There was a piece in the Star Tribune that’s making its way around about how the Twin Cities theater scene does a bad job of self-critique. It got me musing about the difficulties of critiquing improv, for the audiences, journalists, and performers alike. These are incomplete and scattered thoughts but here goes:
More than once it’s happened that the first improv show an audience member has ever seen turns out to be bad, and from that experience they drew the conclusion “Improv sucks!” They never want to see another improv show again. The criticism extends beyond the company they saw to the entire discipline.
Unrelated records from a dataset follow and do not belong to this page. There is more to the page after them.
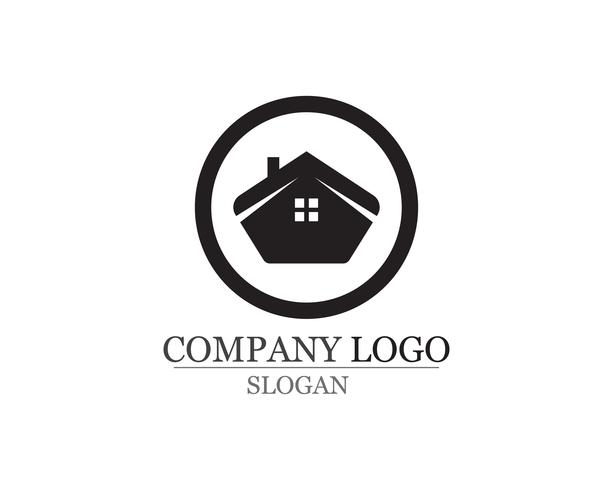 modèle d&#39;icônes logo et symboles maison bâtiments vecteur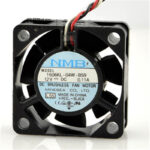 NMB 1606KL-04W-B59 DC 12V 0.11A 4cm 4015 40x40x15mm 3 Wires Double Ball Bearing Cooling Fan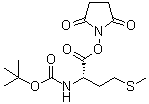 structure of CAS# 3845-64-5, N-(tert-Butyloxycarbonyl)-L-methionine ester with N-hydroxysuccinimide;BOC-Met-NHS; Boc-Met-OSu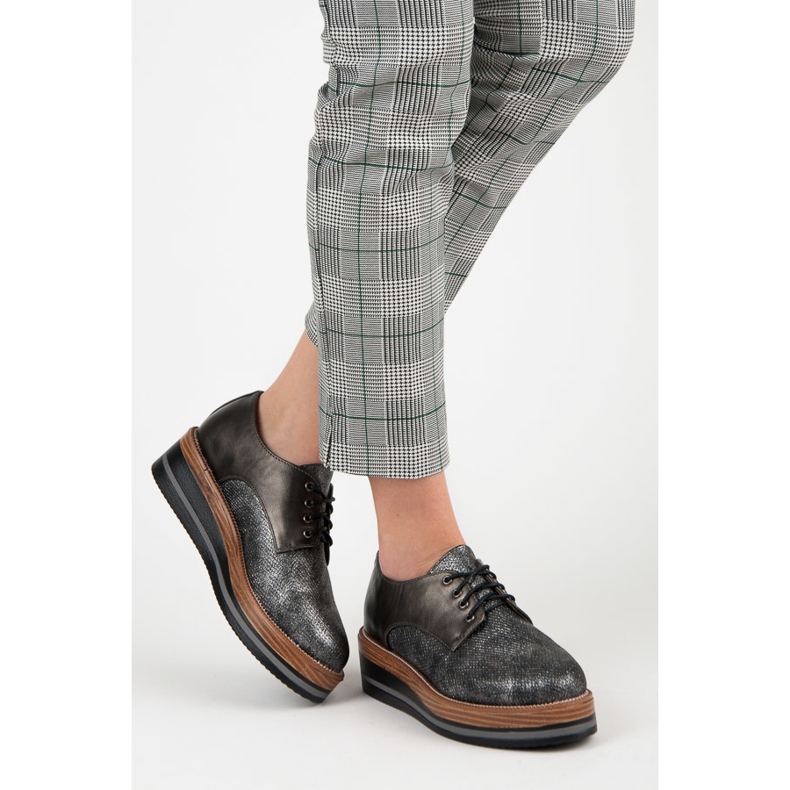 Kylie Pantofi eleganti cu pană gri 2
Years ago there was a website called improvreview.com, which has since been taken over by Japanese hacker spam. There were two problems. First, the reviewers wrote with an authoritative tone, as if their opinion were more than just an opinion. Second, improv is built on positivity, so a grumpy Andy-Rooney style clashes badly with the subject of the critique.
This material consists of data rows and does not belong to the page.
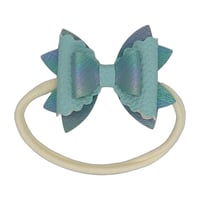 Baby Headband -Teal Rainbow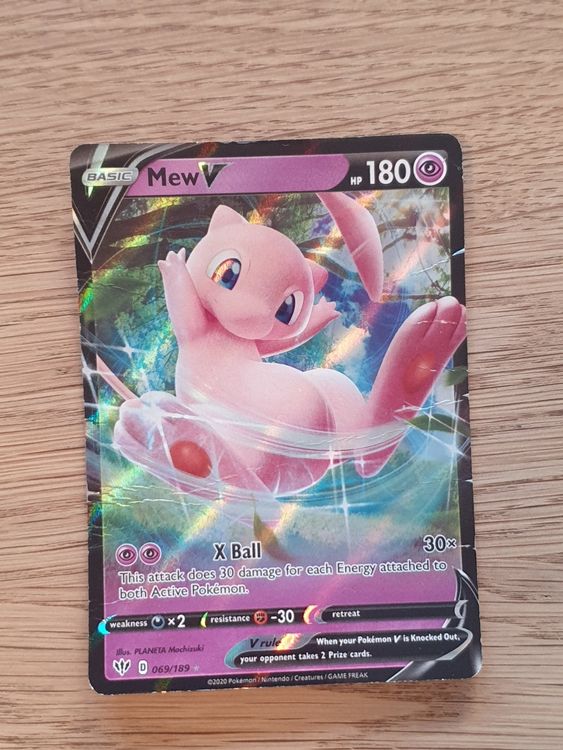 Pokémon Sammelkarte MEW V 069/189 – Einzelkarte Aus Der DARKNESS ABLAZE Serie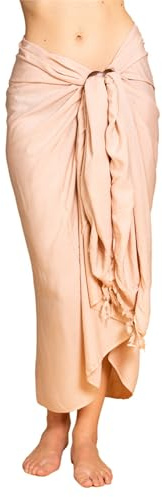 PANASIAM Sarong uni beige, 190x116cm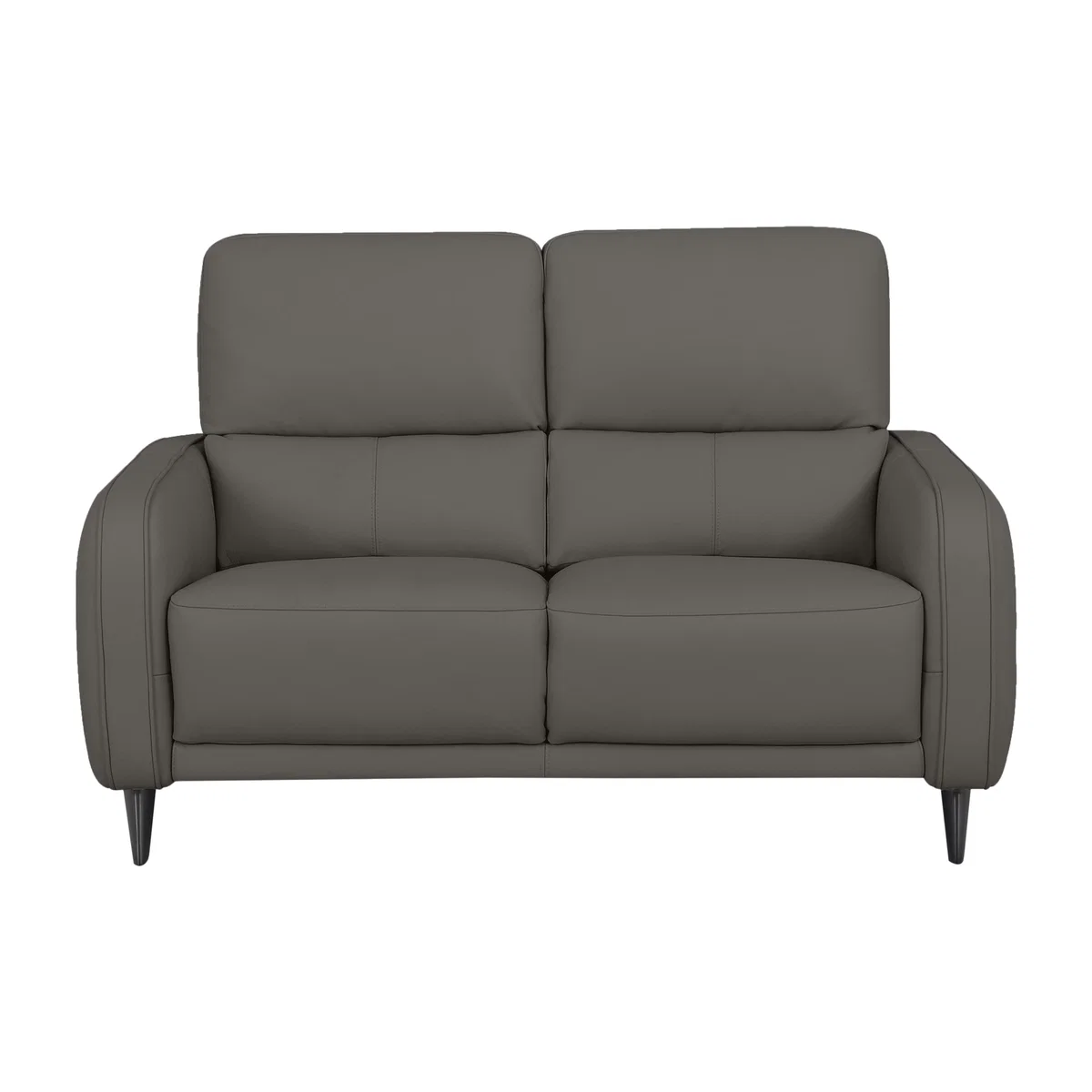 Domicil - Logan 2 Seater Leather Sofa - NP Elephant Grey – image 1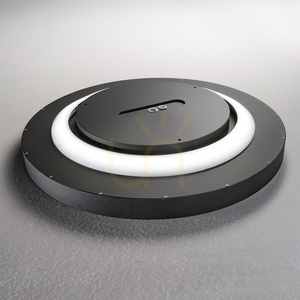 External Ceiling Light Ideallux Fly PL D60 Black 3000K 292205 small 2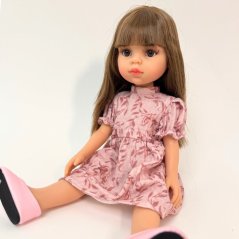 Šaty pro panenku Paola Reina a Minikane 32 cm By Loli - Romance - Birds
Mainstream reviewers have some major obstacles. They feel like they can’t review improv because it’s different every time. There’s also no budget for it – to cover improv, a newspaper would have to take away coverage from a scripted theater because they don’t have space for both. Reviewers also do not have the vocabulary and don’t know how to diagnose what makes improv good or bad. For example, they’ll say, “You couldn’t tell it was improvised!” as a negative critique or they’ll get upset if only one suggestion was taken and used in an indirect way. They’ll compare it to “Whose Line Is It Anyway” regardless of whether it in any way resembles it.
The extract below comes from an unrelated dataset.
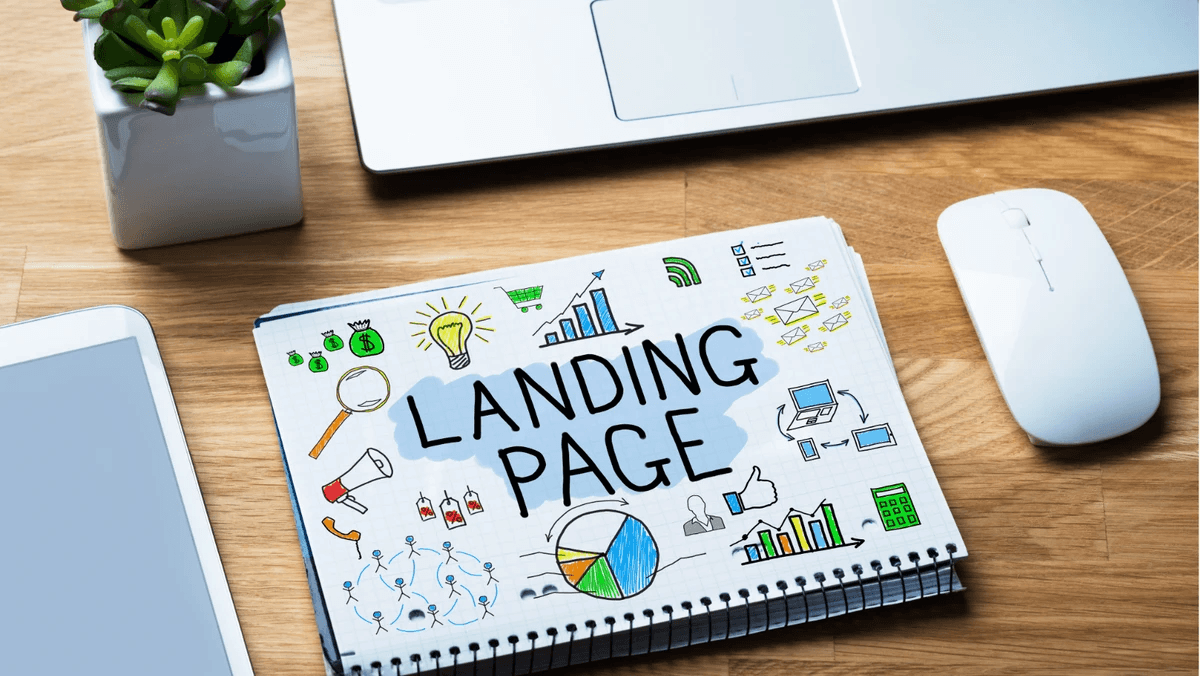 engaging social media landing page designed for user interaction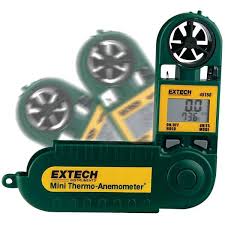 Extech Anemometer with Humidity, 100 to 5500 fpm 45158 | Zoro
We wrote a nice piece about how to look at improv for the Fringe Festival last year, I think it helps some.
It’s hard for insiders to review improv because we don’t want to break each other’s spirits. Improv feels so personal. It’s you up there onstage, and the words and actions aren’t the fault of a director or playwright, that’s you too. Over the years I’ve gotten better at giving students the honest critiques they crave, finding ways to phrase them that are clear and make sense without hurting. Oddly, the students who beg me to give them a harsh critique are the first to pout and check out when it’s given. And so I proceed gently and thoughtfully and directly, and try to create a culture where it is damn clear we’re talking about the work and not the person. It’s still difficult terrain.
These are the challenges. I lay them before you.